::: Data :::

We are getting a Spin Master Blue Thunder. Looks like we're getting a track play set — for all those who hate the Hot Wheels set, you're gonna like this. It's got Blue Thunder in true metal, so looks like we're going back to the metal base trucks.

:::
::: Data :::

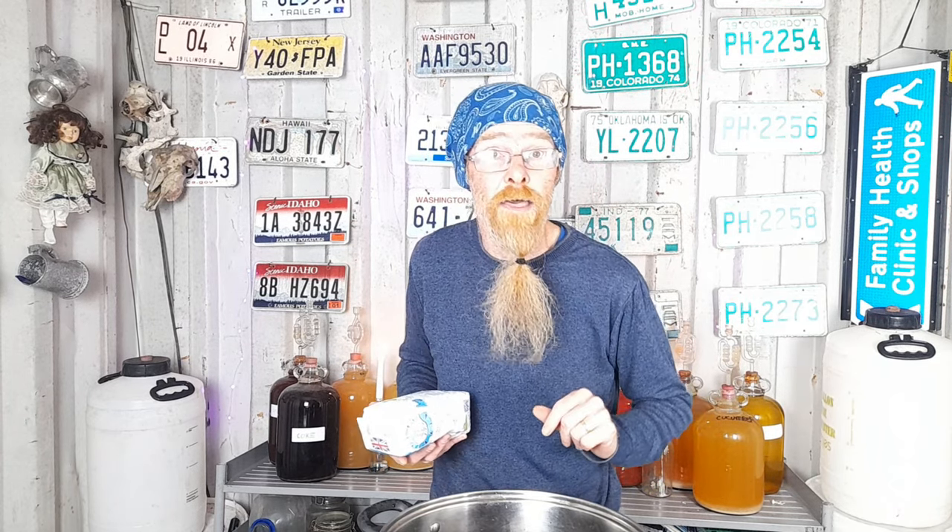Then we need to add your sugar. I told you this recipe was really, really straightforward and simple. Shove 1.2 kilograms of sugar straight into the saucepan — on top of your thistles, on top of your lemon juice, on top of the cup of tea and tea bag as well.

:::
::: Data :::

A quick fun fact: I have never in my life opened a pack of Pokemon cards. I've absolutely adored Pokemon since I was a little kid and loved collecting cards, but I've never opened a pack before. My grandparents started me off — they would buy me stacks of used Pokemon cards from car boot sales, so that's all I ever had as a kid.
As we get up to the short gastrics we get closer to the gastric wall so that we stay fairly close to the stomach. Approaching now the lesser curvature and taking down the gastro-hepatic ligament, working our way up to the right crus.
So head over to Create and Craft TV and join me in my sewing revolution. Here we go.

:::

● **What you have to do**: Copy only this part of the entries above: the line with "As we get up", the line with "So head over", and the lines between, all exactly as written.

● **Solution for this problem**:
As we get up to the short gastrics we get closer to the gastric wall so that we stay fairly close to the stomach. Approaching now the lesser curvature and taking down the gastro-hepatic ligament, working our way up to the right crus.
So head over to Create and Craft TV and join me in my sewing revolution. Here we go.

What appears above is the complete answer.